Ian Austin has finally cottoned on to what most people realised long ago. He’s got no business being an MP. But, predictably for someone with such a track record of self-inflatory grandstanding, he hasn’t slipped away quietly.
Lashing out
With the skill born of long practice, Austin has even managed to get much of the media to assist with his muck-flinging. To read the BBC‘s take on events, you could almost miss the important fact that Austin is standing down as an MP. Instead, the focus is on Austin’s call for voters to support Boris Johnson over Jeremy Corbyn. For anyone who’s had even half an eye on Austin’s increasingly pro-government voting record, this isn’t really news. Despite continuing to sit stubbornly among Labour MPs, Austin left the party officially in February 2019. To all intents and purposes, he ceased any positive contribution the moment Corbyn became leader.

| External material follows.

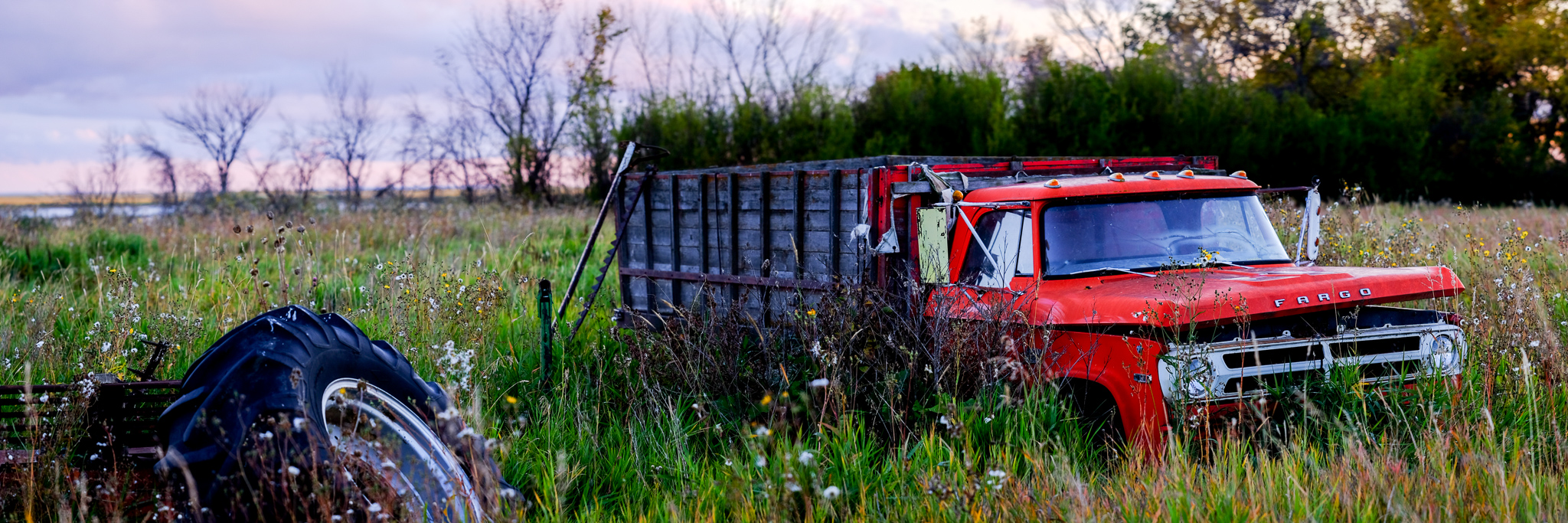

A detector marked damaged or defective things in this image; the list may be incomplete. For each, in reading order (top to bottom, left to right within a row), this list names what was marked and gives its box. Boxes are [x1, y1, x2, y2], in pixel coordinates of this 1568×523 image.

Austin restated his opinion that Corbyn was “not fit to lead”. But Corbyn has now outlasted a growing list of his own MPs who’ve sought to undermine him constantly. Tom Watson, John Woodcock, John Mann, Kate Hoey, the TIG brigade, Frank Field. All have moved away, in various directions and for various reasons. Corbyn is still there, ready to launch a manifesto that looks set to promise real change, not the austerity-lite or diet-Thacherism that so many of that roll call would have preferred.
Austin, who’s not always strong on reasons but does have a very high opinion of Churchill, said “decent patriotic Labour voters” should vote Tory. “I must do everything I can to stop Jeremy Corbyn from getting into power”, he claimed, saying the Labour leader was “too big a risk”.
Forget the past, here comes the future
Austin is one of yesterday’s politicians, a relic of the Blair-Brown era that prized a strange sort of belligerent centrism over a genuine vision for the country. The Labour Party under Corbyn has already laid out such a vision, during the 2017 campaign. Corbyn’s authentic enthusiasm and a hugely popular and impressive manifesto delivered a huge upsurge in support and took Labour very close to government.
The 2019 campaign is building on that vision, with shadow chancellor John McDonnell pledging an “irreversible shift in the balance of power and wealth in favour of working people”. McDonnell is promising a programme of investment “on a scale never seen before in this country”. This will include plans for a “social transformation fund”, investing £150 billion in schools, hospitals, care homes and council housing over five years. And he’s promising to break up the Treasury, devolving some of its powers to the north in a shift in the “centre of political gravity” away from London.
Set against the laughably misleading claims that Johnson keeps recycling, it’s clear that only the Labour Party has the slightest idea what it’s doing. That Austin has finally come out as a true blue Tory tells us all we need to know about him. And indeed, if the Tories have to rely on endorsements from the likes of Austin, they really are going nowhere.